唐荼荼今儿不走远路,也没什么私密事,便任由她跟。
还没拐出巷子,只听后头一辆马车骨辘辘驶来,一匹飒爽的白马慢悠悠地拉着车,马鞍和笼头扣都镀着铜,太阳底下晶亮亮的。
车帘上挂着穗子,又拴着一排小如指肚的银铃,车子一动,银铃泠泠作响,盖住了车轮辘辘的转声,妙趣横生,帘窗上还似有一阵极淡的花香。
那银铃薄如蝉翼,并不是什么值钱物件,只是这份心思就巧,是个正儿八经的小姐该有的样子。
跟在唐荼荼后边的家丁收回视线,竟不约而同地挺直了腰背,走得虎虎生威,努力给二小姐撑场面。

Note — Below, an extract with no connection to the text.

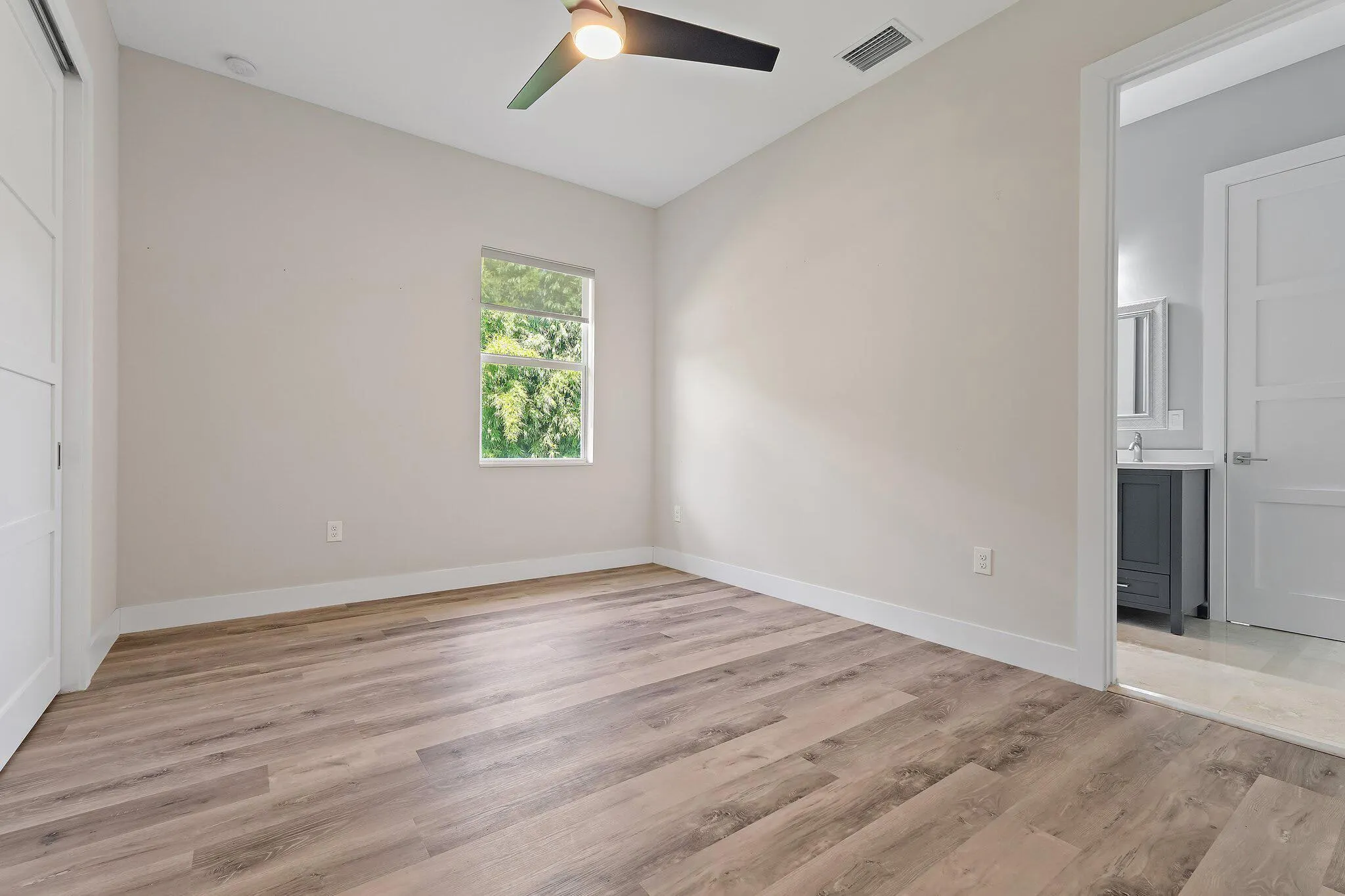 13395 152nd Road N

这条巷子里的官家小姐,谁不是坐着马车出门,坐着马车回府,路上一步三歇,还有三四个丫鬟跟在后头擦汗打扇。
偏偏就二小姐,爱素着两条腿走路。
同一条巷子住着,家里的顶梁柱都是各家老爷,老爷们官品也相仿。邻里之间比什么?还不就是谁家大门气派,谁家夫人得体,谁家儿子书念得好,谁家女儿懂事漂亮有才名。

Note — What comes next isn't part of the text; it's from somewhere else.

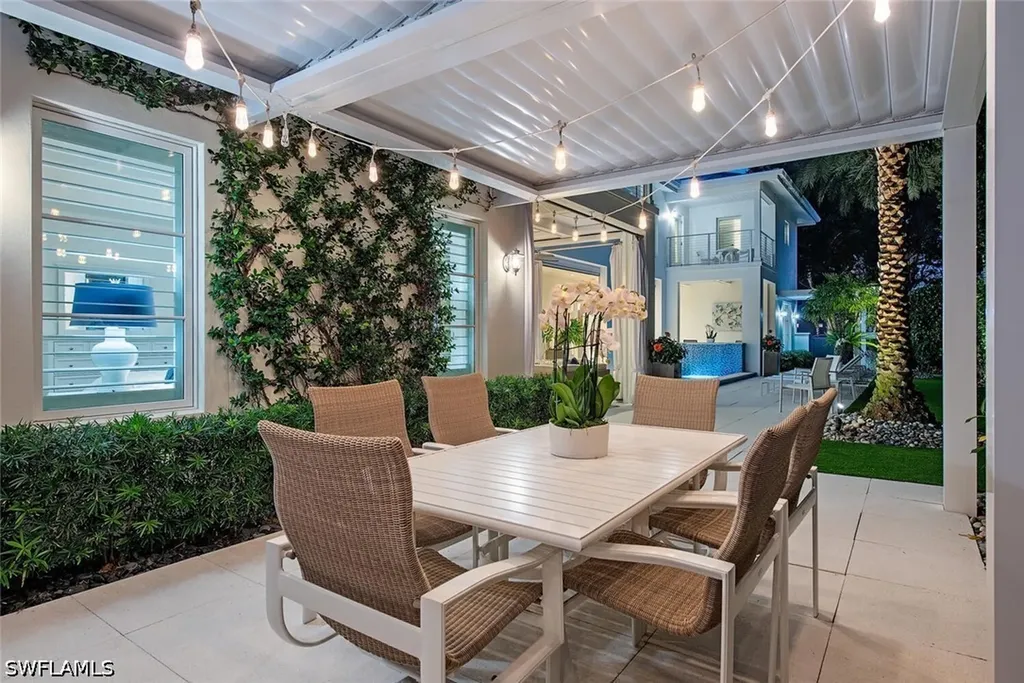 501 2nd Avenue N Naples FL 34102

二小姐样样不沾边,家丁怕她被人笑话,俩人精神头撑得足足的。
唐荼荼看了眼那马车,认出这是徐家的,心思绕到了别处。
官家老爷们都讲究避嫌,不往上峰家里走动,也很少跟同级往来,除非借着公事的由头。夫人们之间来往却不怎么避讳,宴会的由头多得让人眼花缭乱,穿上漂亮的衣裳,带上女儿,一个月赴几场宴,能拉出无数的关系网。